This place is hell. This house. This family. This life I didn't ask for.
My stepbrothers are hell. Atlas with his disappointment. Zero with his cruelty. Bane with his hatred. All of them hell. All of them dangerous. All of them threats I can't escape.
And I'm trapped here with nowhere to run. No apartment to return to. No friends to call. No money for a hotel. No car of my own. No escape. No exit. No way out except through.
Chapter 8
Atlas
Ican't sleep.
It's past eleven —the clock on my nightstand glows 11:47 in harsh red digits— and I'm pacing my room like a caged animal, wearing a path in the carpet between the window and the door, my bare feet silent, my mind anything but, still wound tight from the argument with Max earlier. The words playing on repeat. The look on his face. The way he flinched away from me.
Neither did we.
Fuck. I rake my hands through my hair, grip tight enough to hurt, pull until my scalp burns.
That came out wrong. I didn't mean it like that. Didn't mean to make him feel unwanted. Didn't mean to add to whatever weight he's already carrying. Didn't mean to be cruel. Didn't mean to make him feel like a burden.
But the kid's so goddamn defensive. Every conversation is a battle. Every question is an interrogation. Every attempt to connect gets shut down before it begins. Every word is a fight. Every conversation feels like walking through a minefield. One wrong step and everything explodes. One wrong word andhe disappears. One wrong look and I lose whatever tenuous connection we might have built.
He's hurting. I can see that. It's obvious in every line of his body. In the way he holds himself. In the shadows under his eyes. In the careful way he moves through the house like he's trying not to disturb the air. But he won't let anyone close enough to help. Puts up walls. Deflects with sarcasm. Changes the subject. Runs. Always running.
I stop at the window, staring out at the grounds. My palm pressed flat against the cold glass, my breath fogging it, obscuring my view.
The pool is lit up—soft blue glow reflecting off the water. Perfectly still. No wind tonight. The reflection is like a mirror. The gardens are dark. Shadows upon shadows, the carefully manicured hedges forming shapes that look almost ominous in the darkness. Everything's quiet. Too quiet. The kind of quiet that feels wrong. That feels like a held breath.
Except—
Movement. There. By the back wall. Something small. Someone.

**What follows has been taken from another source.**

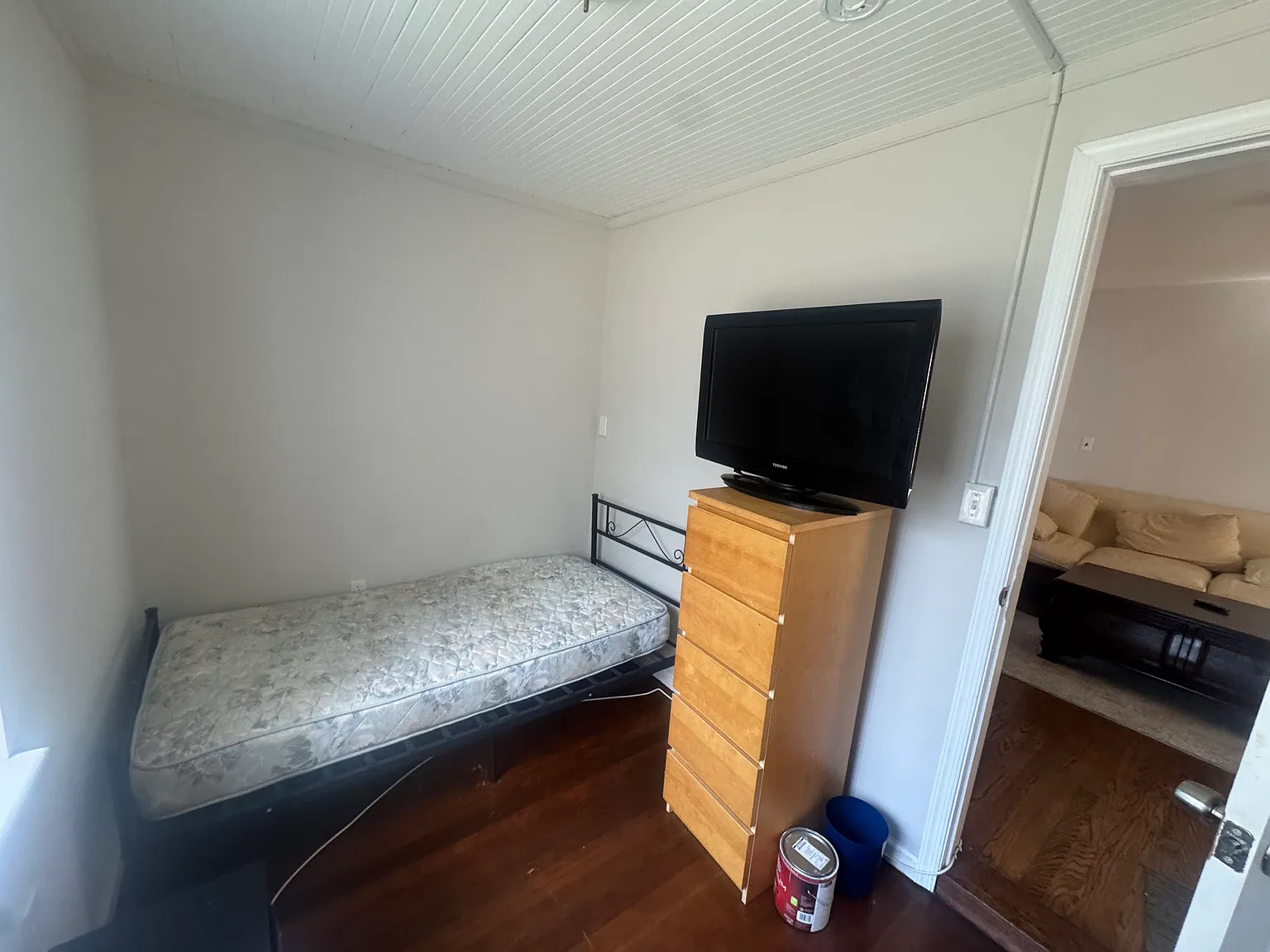 1 bed, $575 — Photo 1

I lean closer to the glass. Squinting. My breath stops fogging the window as I hold it, watching.
Someone's outside. Down by the patio. Moving erratically. Purposefully but without purpose. Agitated. Near the back wall.
I recognize the build. Small. Slim. Too small to be either of my brothers. The height. Short. Maybe five-seven. Definitely not Zero or Bane. The way he moves. Tense. Coiled. Like every muscle is locked tight.
Max.
What the hell is he doing outside right now? At midnight. In the cold. Without a jacket.

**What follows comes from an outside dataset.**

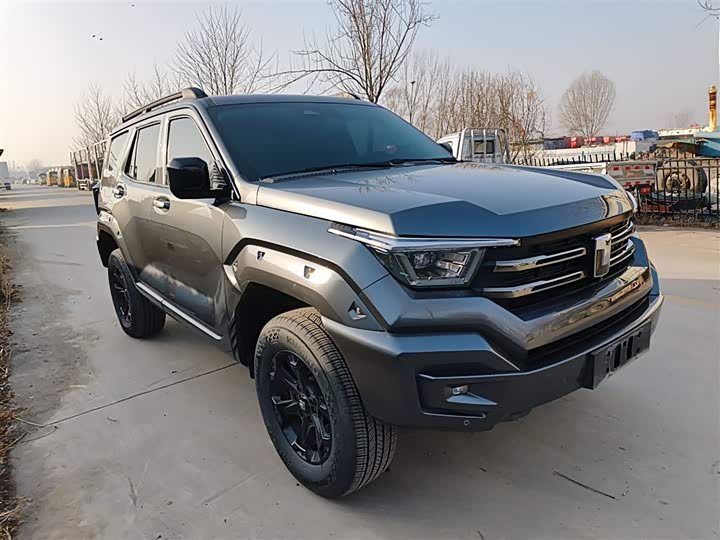 Фото 4 - Tank 400 Hybrid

I watch as he approaches the brick wall. Watches him stop. Stand there. His silhouette dark against the lighter stone.
Then he punches it. Hard. Fast. His whole body behind it.
What—the fuck?
He does it again. And again. His arm drawing back, snapping forward, the impact visible even from here. And again. Driving his fist into the brick like he's trying to break through it. Like he's trying to destroy something. The wall. Himself. Both. Or break himself.
"Jesus Christ." The words come out sharp. Alarmed. I'm already moving.
Instinct. Training. The need to intervene when someone's hurting themselves. When someone's spiraling. Out of my room, down the stairs, taking them two at a time, my hand sliding along the railing, my bare feet silent on the carpet then loud on the marble, through the kitchen. The lights are off. I don't bother turning them on. The glow from outside is enough.
The back door's already open. I see it immediately. Hanging slightly ajar. Cold air spilling in. He didn't even close it behind him.
By the time I reach him, he's on the ground. Collapsed. Crumpled against the wall like he's been discarded there. Back against the wall. Hands cradled against his chest. Protective. Wounded. Broken.
Even in the dim light, I can see the blood. Dark. Wet. Too much. On his hands, on his shirt, on the ground around him. Dripping. Pooling.